In 1921 Adolf Loos created a model for a mausoleum for Max Dvořák, which was conceived as a cenotaph approximately six metres in height and was to be located in the Zentralfriedhof (central cemetery) in Vienna. The shape of the mausoleum's stepped roof would have looked like a pyramid and the interior walls were going to be decorated with frescoes by Oskar Kokoschka. The project never came about, however, and only the model for it exists (Albertina Wien, Adolf Loos Archiv). In 1974, to mark the centenary of Max Dvořák's birth, a special edition of the journal Österreichische Zeitschrift für Kunst und Denkmalpflege was published, and it contained a lecture by Dvořák's former assistant Karl M. Swoboda commemorating the thirtieth anniversary of the death of Max Dvořák.

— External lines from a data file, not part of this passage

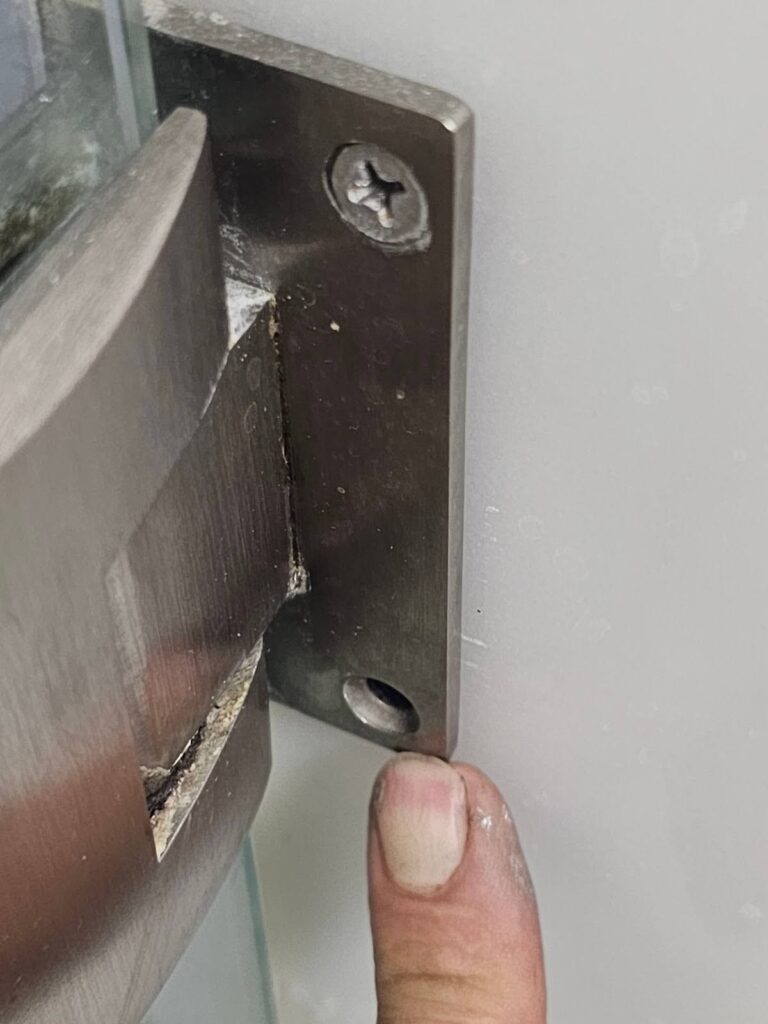 kitchen after flip with punchlist repairs on cabinets countertops and lighting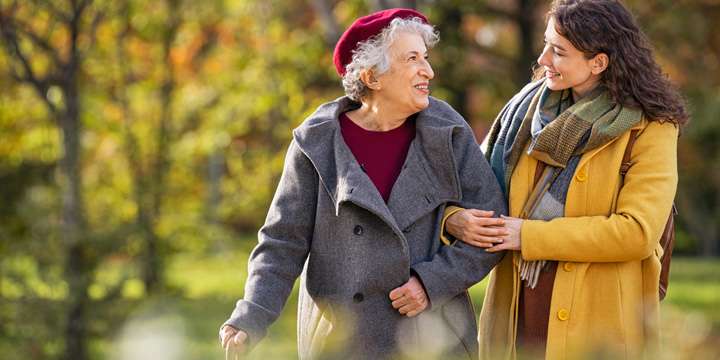 Senior woman walking with granddaughter in park during autumn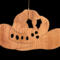 Handmade wooden Christmas tree ornament shaped like a cowboy hat, featuring a sprig of holly tucked into the hat band, star-shaped leaf cutouts, and round berry accents.
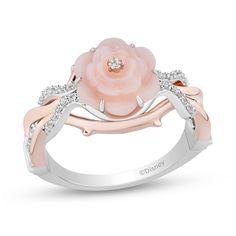 a pink rose ring with white diamonds on the sides and two tone gold leaves around it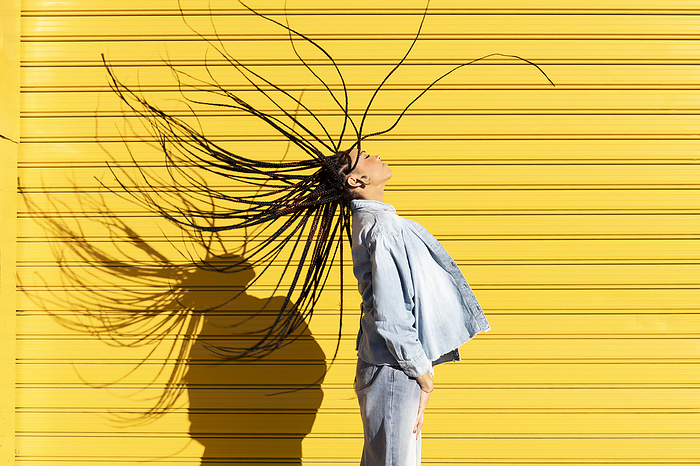 Young woman tossing hair in front of corrugated shutter on sunny day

In it Swoboda describes the atmosphere following Dvořák's sudden death as 'an infinite sadness'. What does this loss, this 'infinite sadness' that remained so vivid and so strong in the mind and memory of his student and assistant for several decades mean? This study tries to answer that question, partly in relation to Loos's cubic cenotaph, but mainly in reference to Georges Didi-Huberman's reflections in art theory. In his book Ce que nous voyons, ce qui nous regarde (1992), Didi-Huberman wrote about the objects of American minimalists, noting that minimalist cubes and other strictly geometric objects made out of modern materials are evocative of Egyptian sacred structures and are where the modern and the archaic come together, and Loos's cenotaph evoked this too. According to Didi-Huberman, these elementary geometric objects have anthropomorphic, human features, and for that reason we find them disturbing to look at; they possess a kind of 'humanity' but in 'a state of absence'. Viewed from this perspective, the model cenotaph for Max Dvořák represents an archi-tectonic and auratic figure or, more accurately, the embodiment of loss and the absence of the other.